It’s very unusual for most French acts to stick to the norm when writing and recording albums as this deadly death metal outfit sticks to core credentials of the genre resolutely, without treading familiar ground. Indeed this band owes large quotients of their sound and song writing structure to that much revered scene of the late 80s and early 90s in Florida, particularly the Morrisound Studios production that was much sought after by the cleaner death metal acts around this time.
Listening to this album stalwart death metal fans like myself could hear various riffing snippets that sounded familiar but when digested fully are actually the bands own take on the scene as this monster release begins with the juggernaut demolition of “Slaves Of The Sacred Rites”. The intrinsic catchiness is borne out by the riffing and excellent drum work which boasts rife double bass muscularity coupled to incendiary blast beats and whilst the song opts for a slower more pulverising approach the same cannot be said of the follower “A Wall”. The brief wind swept intro section is banished as an afterthought when the cool double bass smashes in and immediately the groove suggests Deicide whereas the battering double kick blasting is Cannibal Corpse like.
“Akatheeb” continues the sonic beating as the drums utilise the violence of the riffing to temper each with waves of blast beating savagery with thundering kick drum devastation as by now the Floridian death metal bands come flooding into your memory, this time with Malevolent Creation.
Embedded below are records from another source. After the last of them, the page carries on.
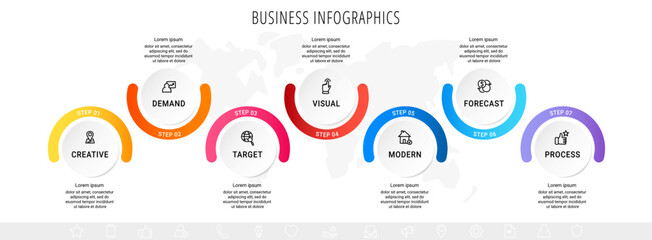 Circle vector infographic template with seven steps and options for annual reports, presentations, advertising, chart. Modern business illustration.
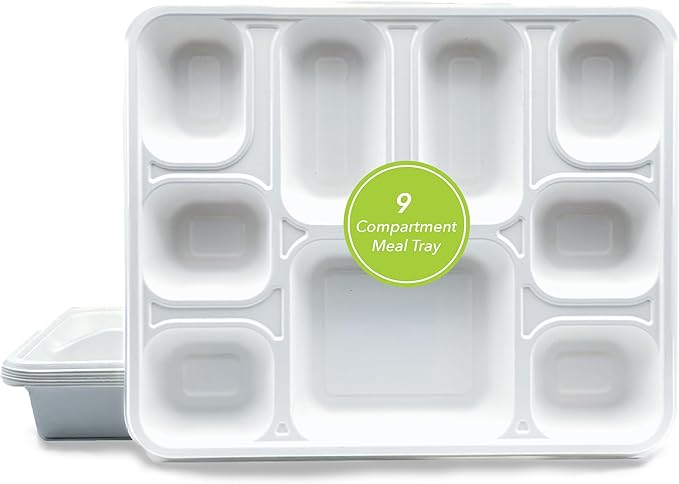 three leaf 9 COMPARTMENT BAGASSE RECTANGULAR PLATE, 25 Ct. Heavy-Duty- Super Strong- Natural- Eco-Friendly Disposable Bagasse Plates, 100% Biodegradable 9 compartment plates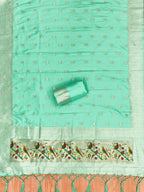 Sea Green Color Paithani woven Pattern Top, Bottom & Dupatta Dress Material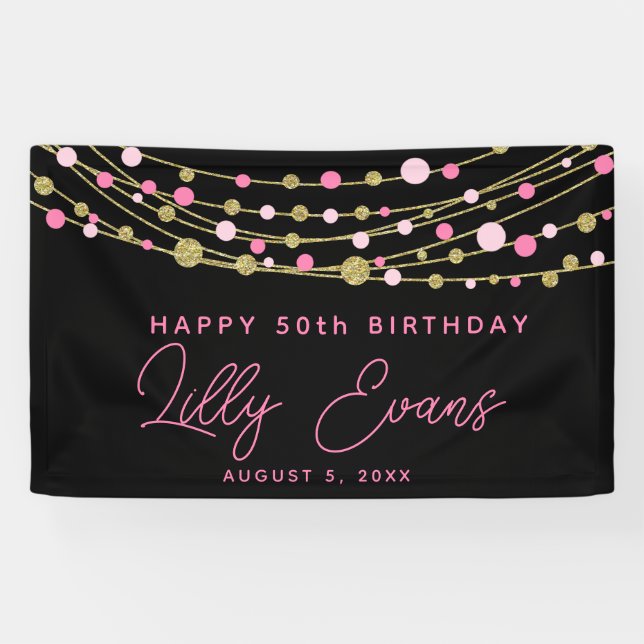 Lona Personalizar de banner de cumpleaños de hito, 50 (Horizontal)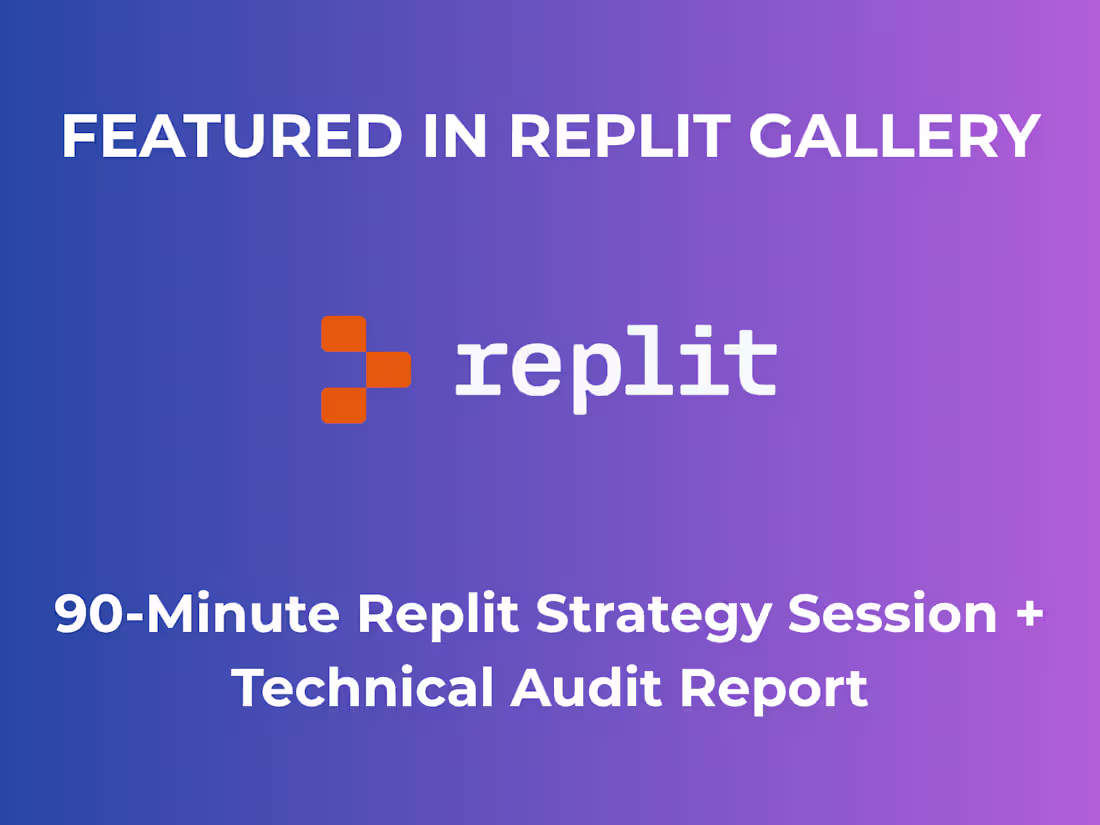 Cover image for 90-Minute Replit Strategy Session + Technical Audit Report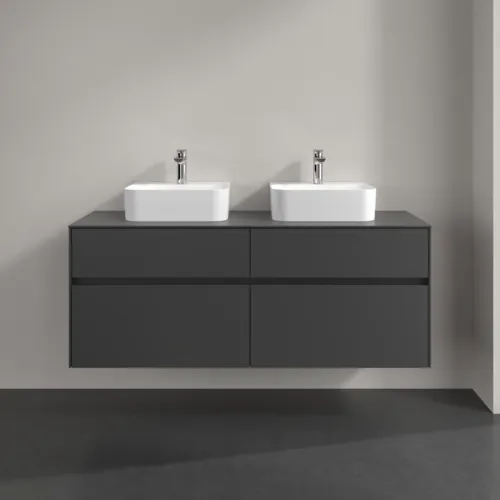 VILLEROY BOCH Toaletní skříňka Collaro, 4 výsuvy, 1400 x 548 x 500 mm, grafitová / grafitová #C10300VR, obrázek 3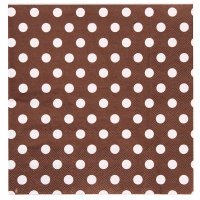 20 serviettes motif à pois - chocolat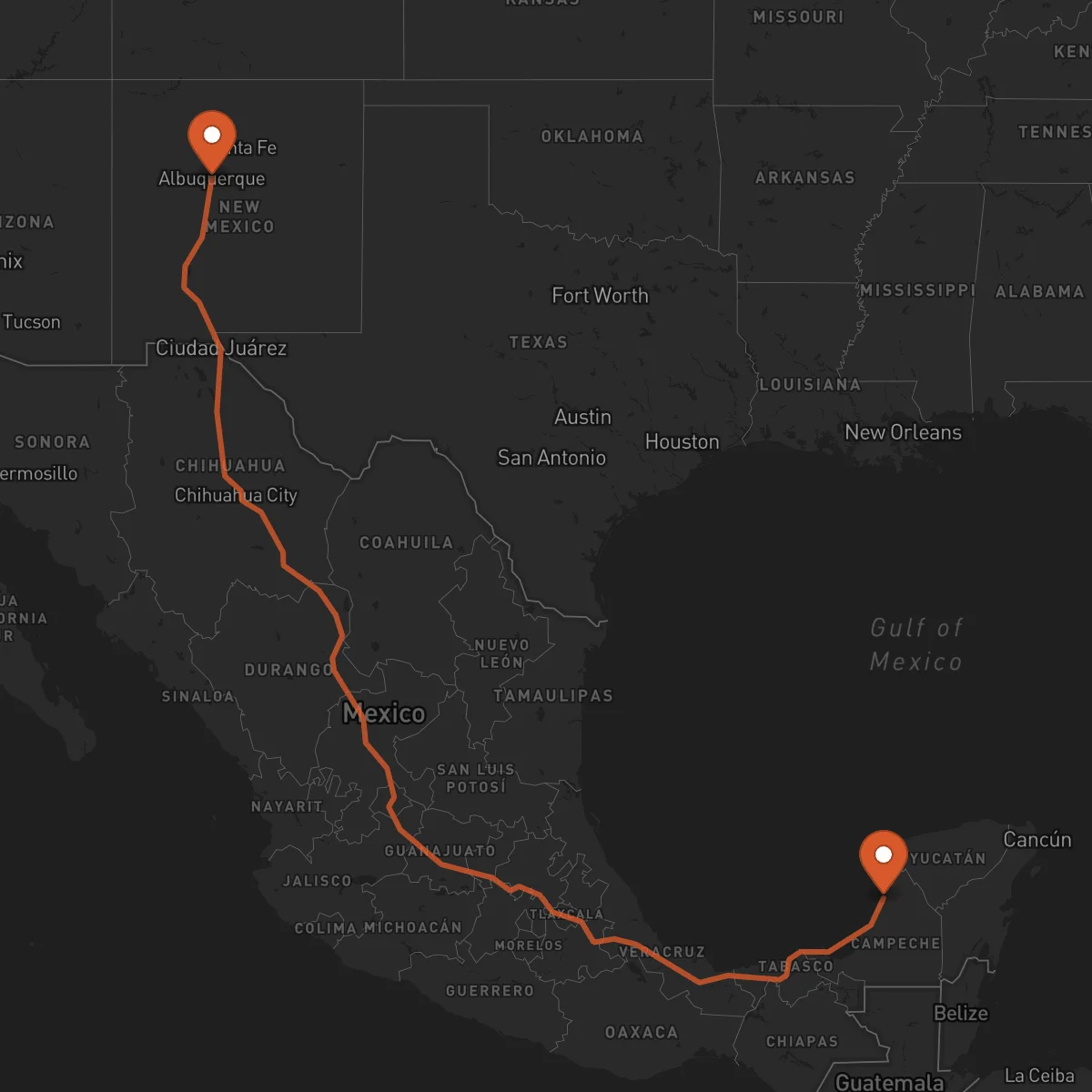 Ruta Albuquerque - Campeche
Slower but heavier “Rip” prefers to produce a seismic shift on the sound as the songs speedier components are embedded into the riffing. I’m pretty certain most people will bellow Amon Amarth for the opening riff to “The Sin’s Cost” where a sweeping kick drum pours into the track linked to the very cool riff as by now that head will be swirling around in unison to the beat of the song.
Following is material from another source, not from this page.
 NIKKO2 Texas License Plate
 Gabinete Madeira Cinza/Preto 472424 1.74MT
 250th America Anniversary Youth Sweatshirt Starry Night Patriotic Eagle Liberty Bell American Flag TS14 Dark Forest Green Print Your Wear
Adding a semi acoustic opening phase, “Fateful Rite” has a superb riff splattered with a Middle Eastern flavour before channelling down guttural brutality. Again the bands use of catchy riffing is plain to hear on all the tracks as “The Human Shrine” takes the speed down a notch initially before ramping it back up again in waves of permeating violence. There are strong hints of Death peppered throughout the release too but none more so than “A Bunch Of Bones” where the songs infectious hook laden structuring is a joy to hear.
Closing this fantastic album is the longer “An Impetuous Choice” an engrossing amalgamation of pulverising drums and more Death inspired riffery. The fluidised tempo shifts are delivered with cohesion as are the more subtle elements of quieter purpose, as the chugging riffs hammer down before the obliterating blast section which you know is inevitable but is still excellently placed all the same. The riffs ooze from the song like tendrils of grotesquery, ensnaring the listener in an eerie almost macabre aura that I particularly liked, on an album I thoroughly enjoyed from start to finish.